Baby “aborted” at 26 weeks to save mother’s life survives delivery, now healthy 10-year-old

 

By Dave Andrusko

Natasha Smith’s birth was induced 14 weeks early when her mother developed a life-threatening condition.

Natasha Smith’s birth was induced 14 weeks early when her mother developed a life-threatening condition.

Editor’s note. This story, which ran in September, was the eighth most read post of 2014.

Ten years ago Norelle Smith and fiancé Sandy Cameron were told that Norelle, then 26 weeks pregnant, had toxic pre-eclampsia. “The condition was starving the struggling [baby] in the womb and attacking her mum’s internal organs,” according to the Sunday Post. Their baby, they were told, had stopped developing at 22 weeks and had no chance to survive. They reluctantly agreed to deliver the baby 14 weeks early.

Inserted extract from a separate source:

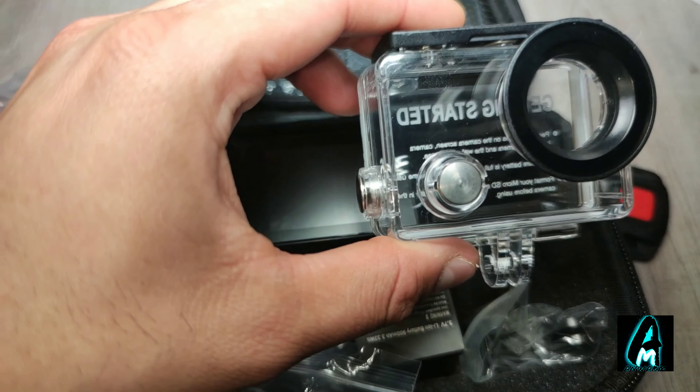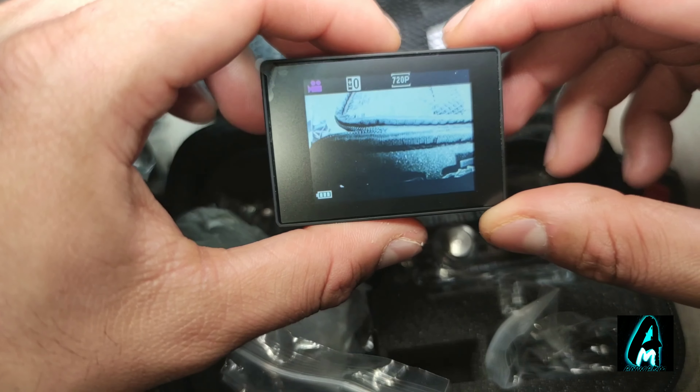The screen size is a 2.2-inch LCD screen. Let me put this in so I can show you the rest of the features. I'll also do a demo test so you can see the quality of this camera. When you switch it on, this is how it looks. It records up to 1080p full HD, and if you're taking photos, that's 12 megapixel.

But not only did Natasha (who was born just six inches long and weighed only 1lb 4oz) astonish the medical team by surviving delivery, she overcame all the initial predictions that she would be severely brain damaged and would live a few days, at most.

Now she is the apple of her parents’ eye, and has celebrated her 10th birthday—“with a limo party and meal in town with her friends,” according to the Sunday Post!

The newspaper reported that in 2004 doctors insisted the step was vital to save Norelle’s life. Drugs were used to induce the baby’s delivery.

“But, after being induced 14 weeks early, Natasha was born in an intact membrane at the former Queen Mother’s Hospital in Glasgow.” The story continues

When Norelle felt the membrane move she alerted the midwife who whisked it off to intensive care.

Norelle’s instinct and the midwife’s quick actions, bought Natasha the slightest chance of survival, which she grasped with both tiny hands.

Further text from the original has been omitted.